1) Definition of R. Kimbal 2) Definition of Inmon
According to R. Kimbal
"A data warehouse is a copy of transactional data specifically structured for querying and analysis".
According to this definition:
The form of the stored data (RDBMS, flat file) has nothing to do with whether something is a data warehouse.
Data warehousing is not necessarily for the needs of "decision makers" or used in the process of decision making.
According to Inmon
A data warehouse is a
subject-oriented,
integrated,
nonvolatile, and
time-variant
collection of data in support of management’s decisions. The data
warehouse contains granular corporate data.
Subject-Oriented?
Classical operations systems are organized around the applications
of the company. For an insurance company, the applications may be auto, health,
life, and casualty. The major subject areas of the insurance corporation might
be customer, policy, premium, and claim. For a manufacturer, the major subject
areas might be product, order, vendor, bill of material, and raw goods. For a
retailer, the major subject areas may be product, SKU, sale, vendor, and so
forth. Each
type of company has its own unique set of subjects.
Integrated
Of all the aspects of a data warehouse, integration is the most
important. Data is fed from multiple disparate sources into the data
warehouse. As the data is fed it is
converted, reformatted, resequenced, summarized, and so forth. The result is that
data—once it resides in the data warehouse—has a single physical corporate
image.
Nonvolatile
Data is updated in the operational environment as a regular matter
of course, but warehouse data exhibits a very different set of characteristics.

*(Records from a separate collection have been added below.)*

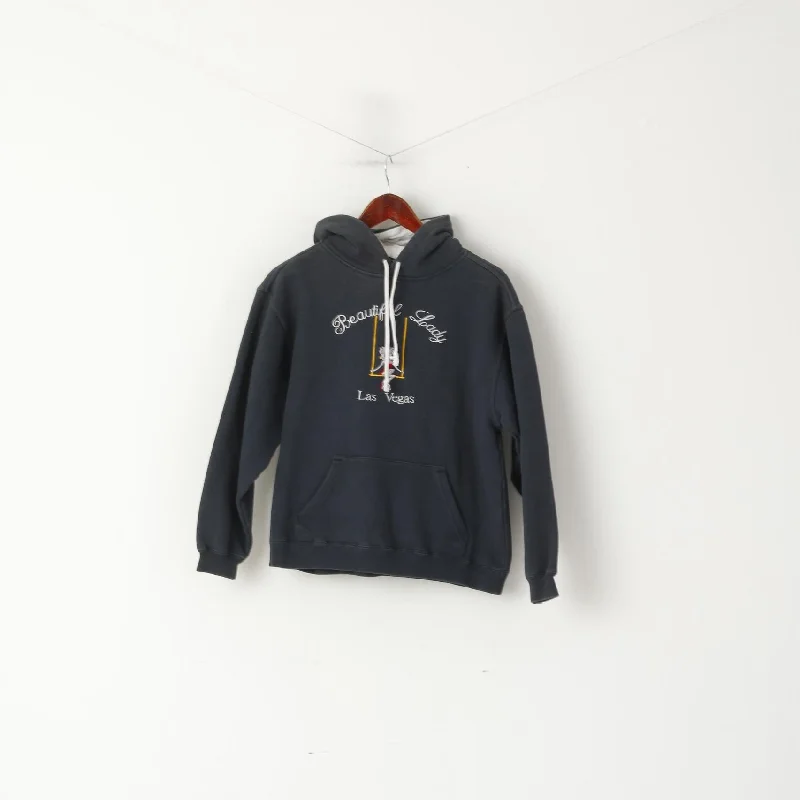Beimar Women L (S) Sweatshirt Navy Beautiful Lady Las Vegas Hooded Top Hoodie with Tied Waist Feminine Flattering Beimar Women L (S) Sweatshirt Navy Beautiful Lady Las Vegas Hooded Top Hoodie with Tied Waist Feminine Flattering
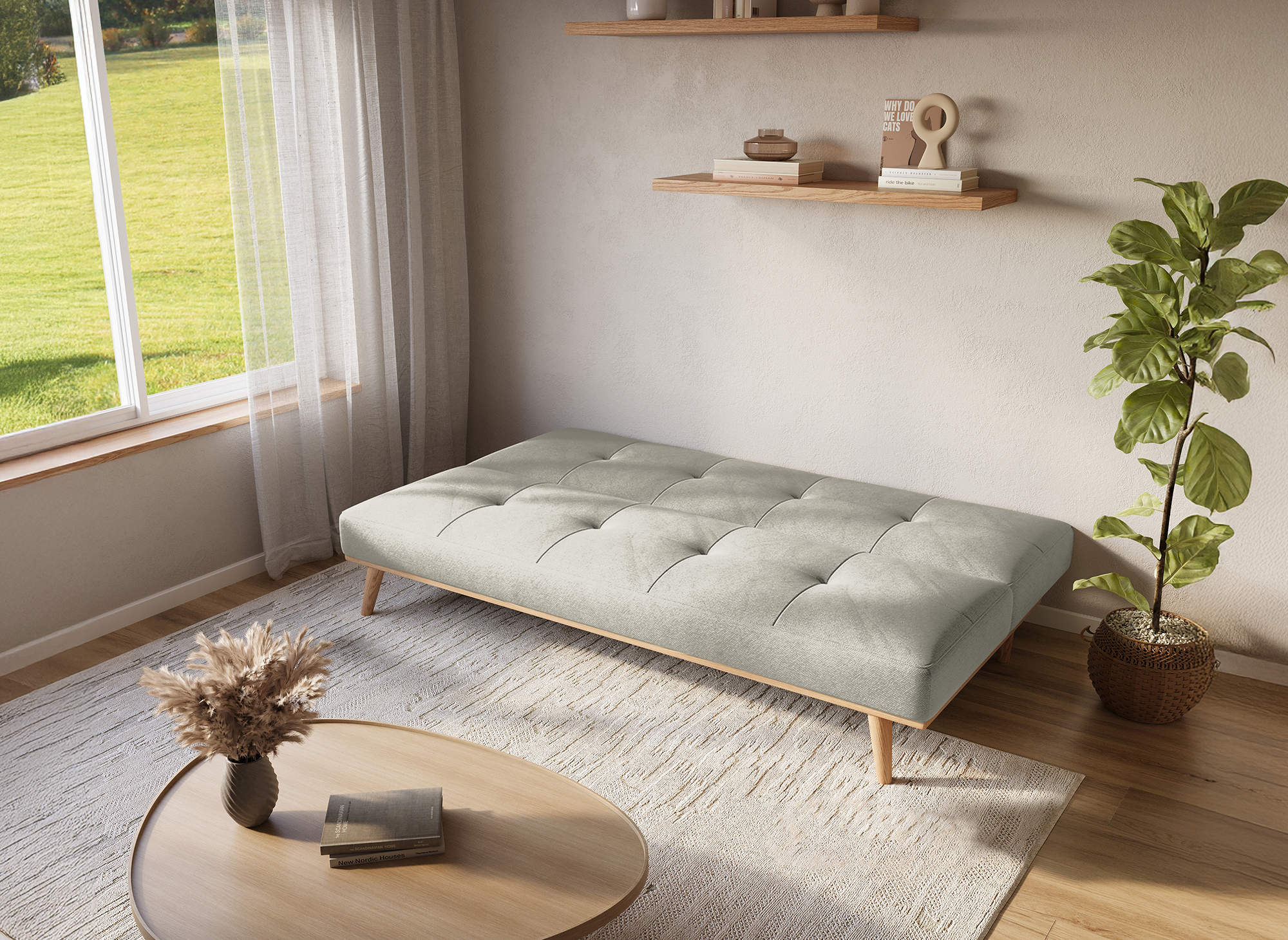 Banquette clic clac scandinave 3 places beige JESSY
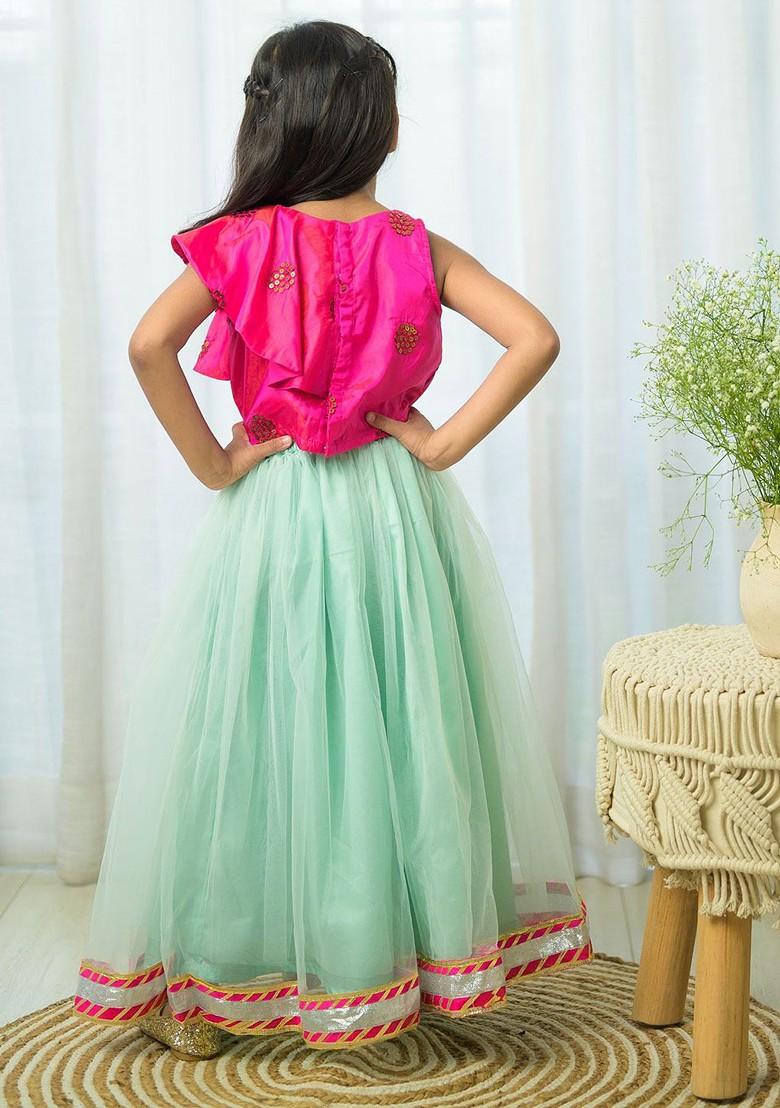 Pink Embellished Cotton Blend Lehenga Choli For Girls - Indya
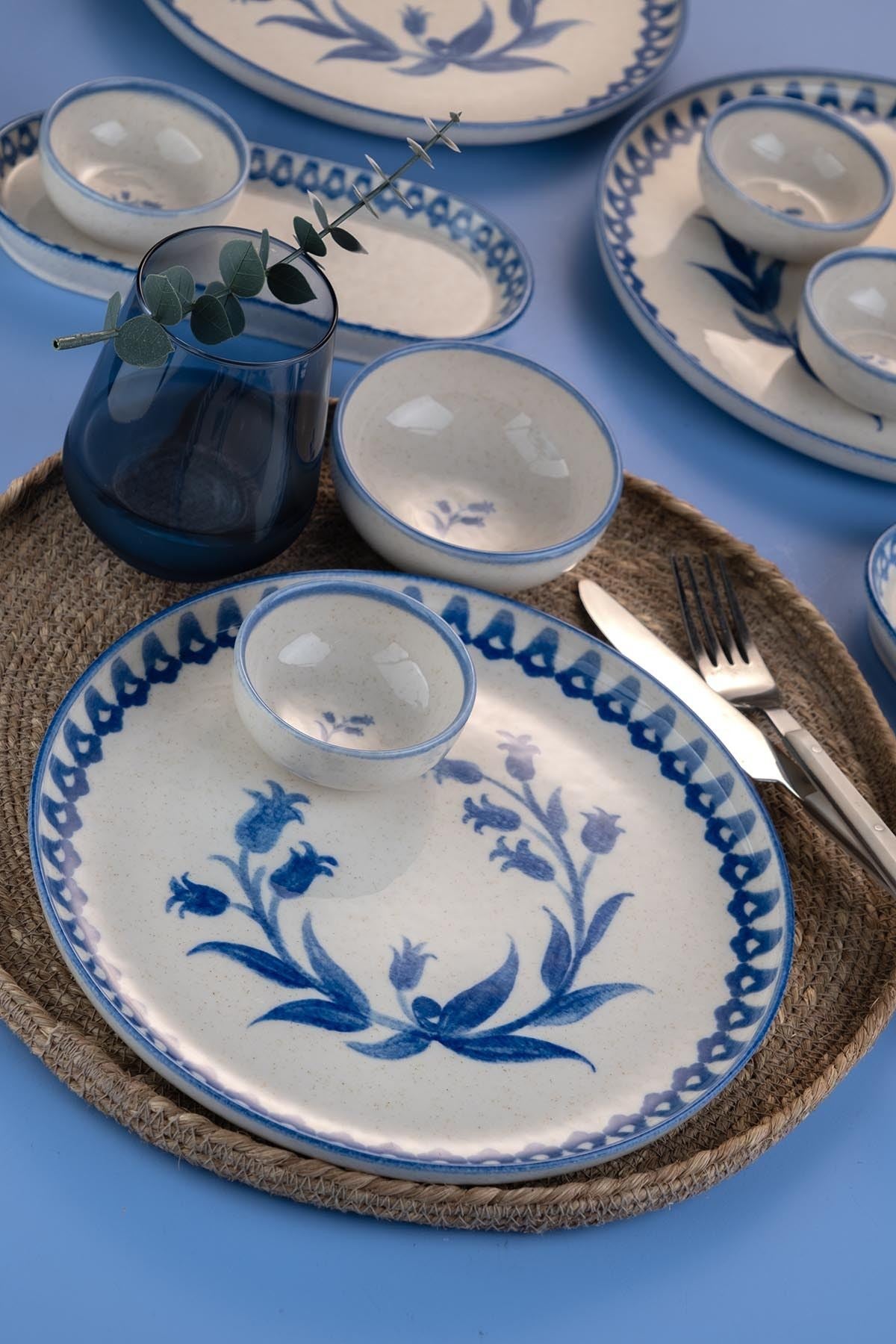 Rani Home Kahvaltı Takımı (14 Parça) Krem - Mavi JA-6871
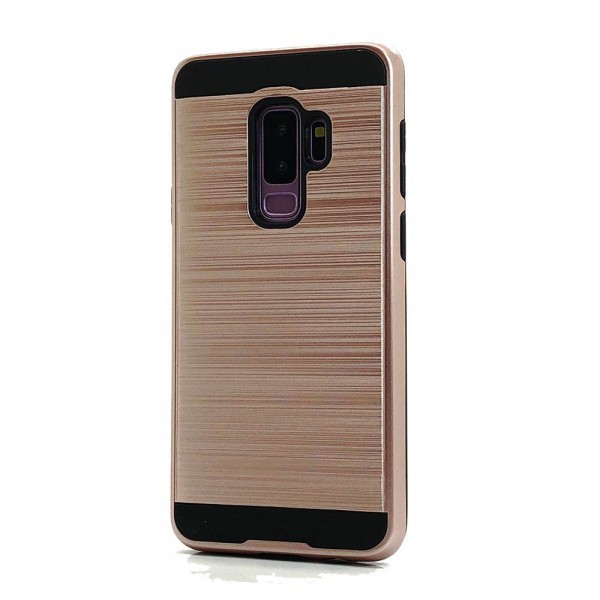 Slim Brushed Armor Hybrid Case for Galaxy S9 (Rose GOLD)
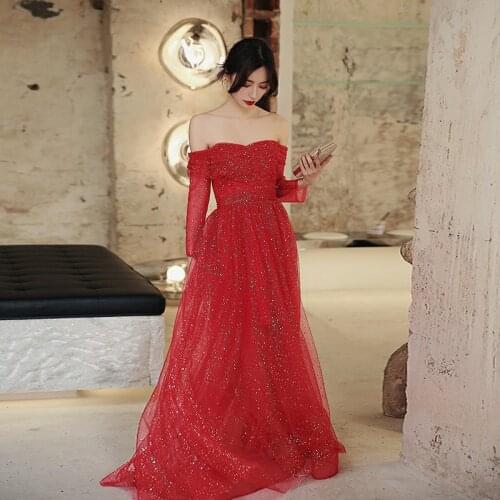 Burgundy Full Sleeves Evening Dress Sequins A-Line Empire Simple Boat Neck Floor-Length Fashion Woman Formal Party Gowns A1207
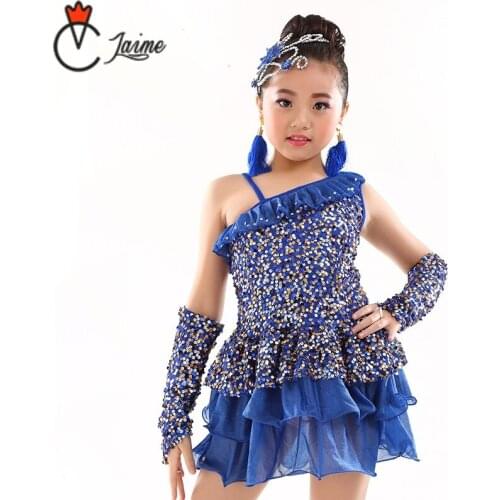Children Dance Dress One Piece Latin for Girls Sequins Fringe Ballroom Jazz Costume Kids Dresses for girls 8-14 Years old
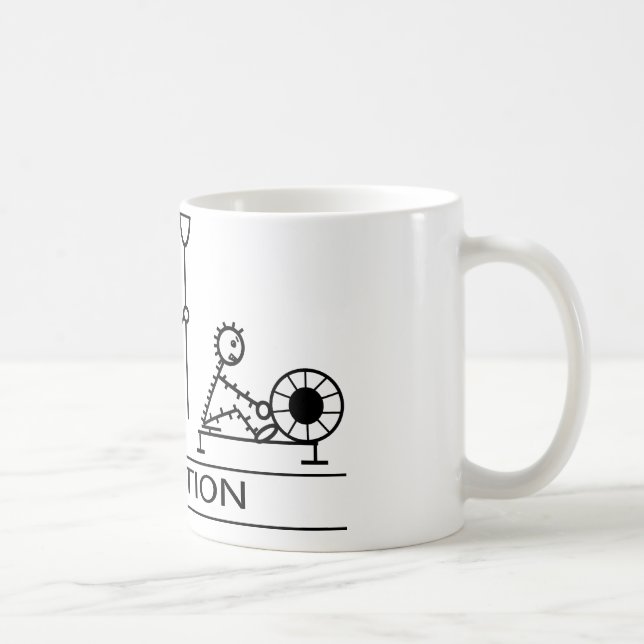 Evolution of man with rowing coffee mug (Right)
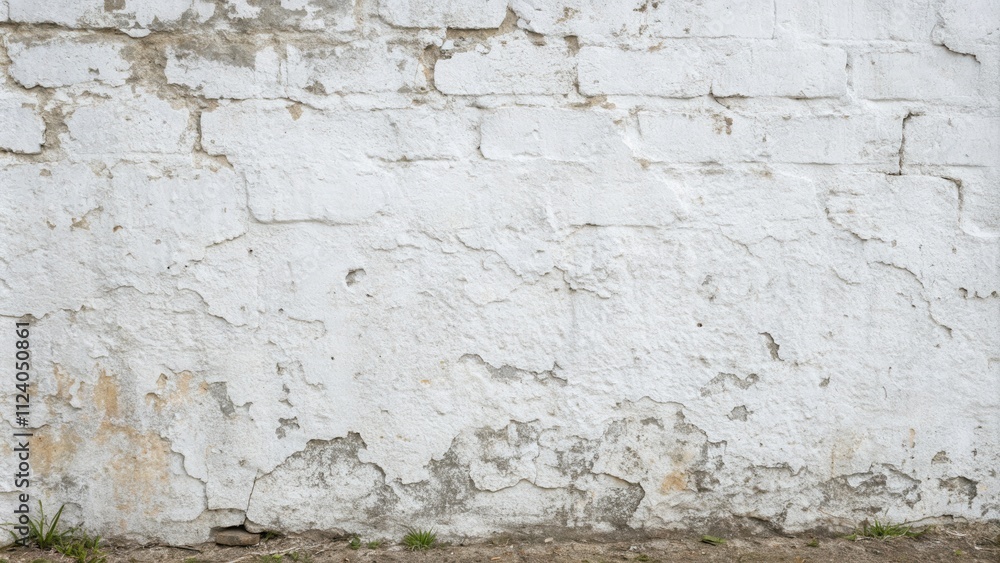 Obraz premium Textured White Brick Wall with Peeling Plaster and Ground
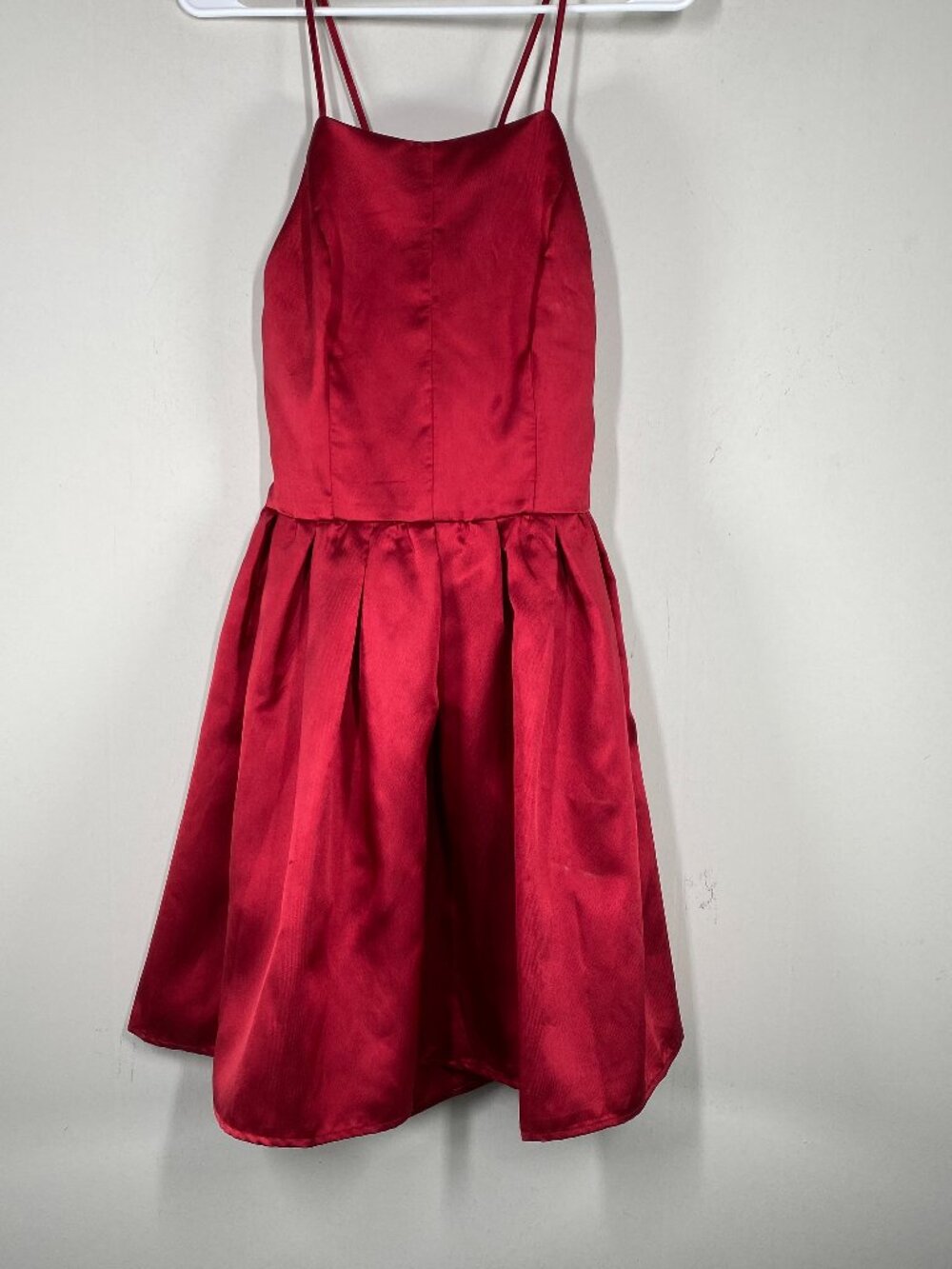 Miss Avenue Fit & Flare Spaghetti Strap Dress Girl's Medium Red Casual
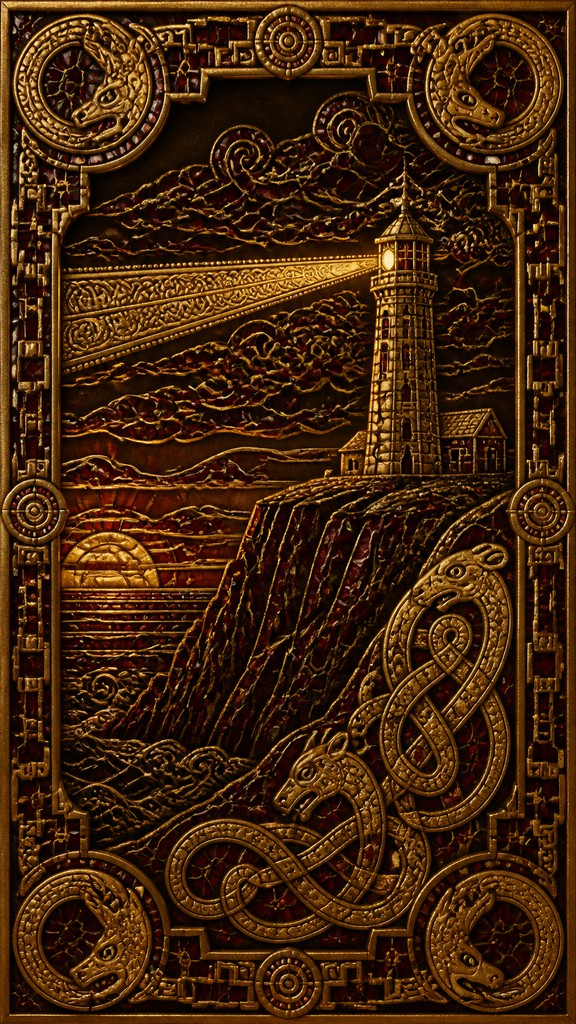 a lone lighthouse on a cliff at dusk under a dramatic sky, no text or lettering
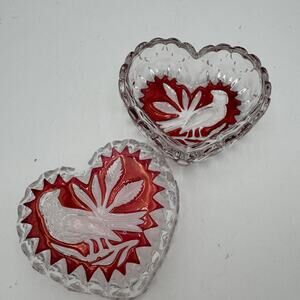 Vintage Byrdes Collection Heart Trinket Box by Hofbauer 4.5" 24% Lead Crystal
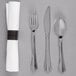 A WNA Comet stainless steel look plastic silverware set with a napkin and stainless steel look heavy weight plastic cutlery.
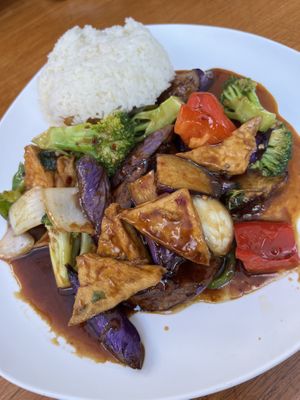 Basil Eggplant & Tofu in Garlic Sauce (added broccoli)  at Koto Grill & Sushi in Salem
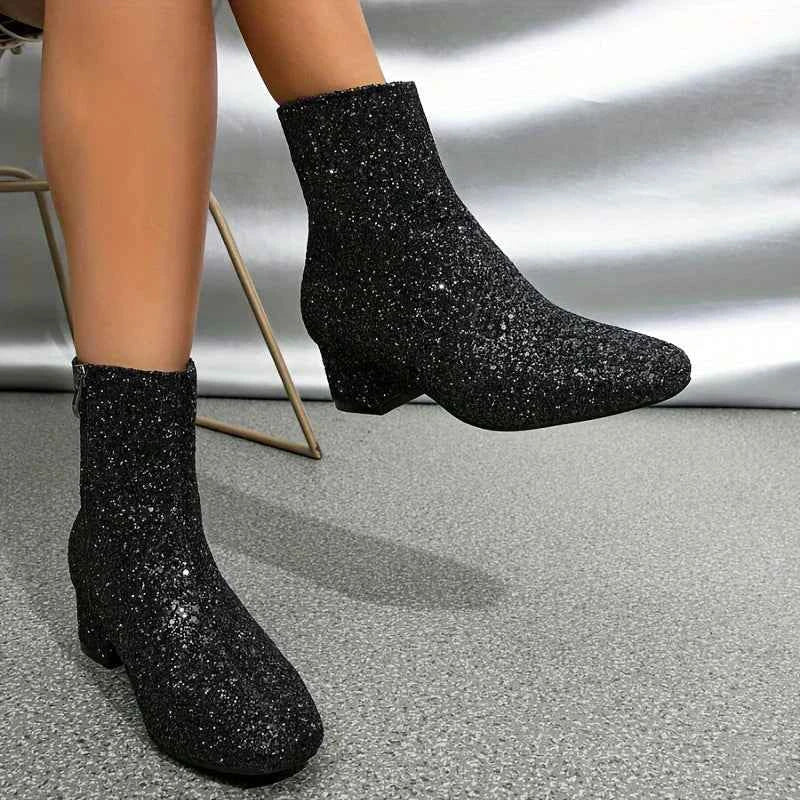 Women's Glitter Ankle Boots with Block Heels and Side Zips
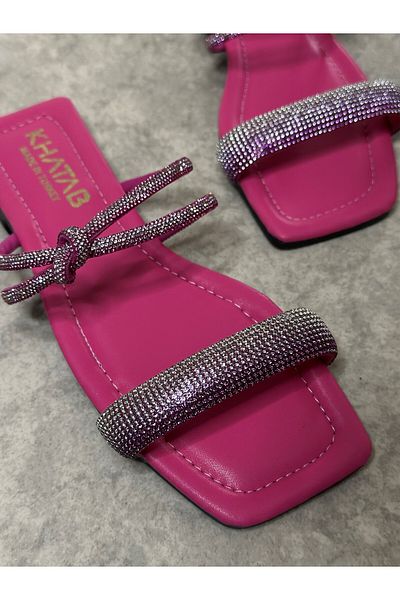 İmerShoes Daily Women's Fuchsia Slippers Single Strap Stone Low Heel Blunt Toe Comfortable Sole Lightweight 09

Data warehouse data is loaded (usually en masse) and accessed, but it is not
updated (in the general sense). Instead, when data in the data warehouse is
loaded, it is loaded in a snapshot, static format. When subsequent changes
occur, a new snapshot record is written. In doing so a history of data is kept
in the data warehouse.
Time-variant
Time variancy implies that
every unit of data in the data warehouse is accurate as of some one moment in
time. In some cases, a record is time stamped. In other cases, a record has a
date of transaction. But in every case, there is some form of time marking to
show the moment in time during which the record is accurate. A 1 to 2 year time
horizon is normal for operational systems; a 5-to-15-year time
horizon is normal for the data warehouse. As a result of this difference in
time horizons, the data warehouse contains much more history than any other environment
Summary:
While Creating a Data WareHouse Data will be isolated at department
level. Each Department deals with particular subject. For instance consider bank,
it has Insurance, Customer, Transnational etc details. While
creating a WareHouse each
department will be treated as a subject, further diluting the concept of
subject, each department will have its own source file to be processed.
When we Receive files from different departments then, each dept has its own
standards to be followed. for instance,
Encoding: (Gender field)
Dept A: Male/ Female
Dept B: M/F
Dept c: 0/1
Dept A,Dept B,Dept C Gender field will be converted into one unit or same
format. i.e Integrated.
Non Volatile data will not under go for any changes or not frequent
update or alter statements will be run against Data WareHouse.
Time-Variant is vital feature of DWH. When any source is processed, the
Timestamp of source, Process date & time and Period will be recorded.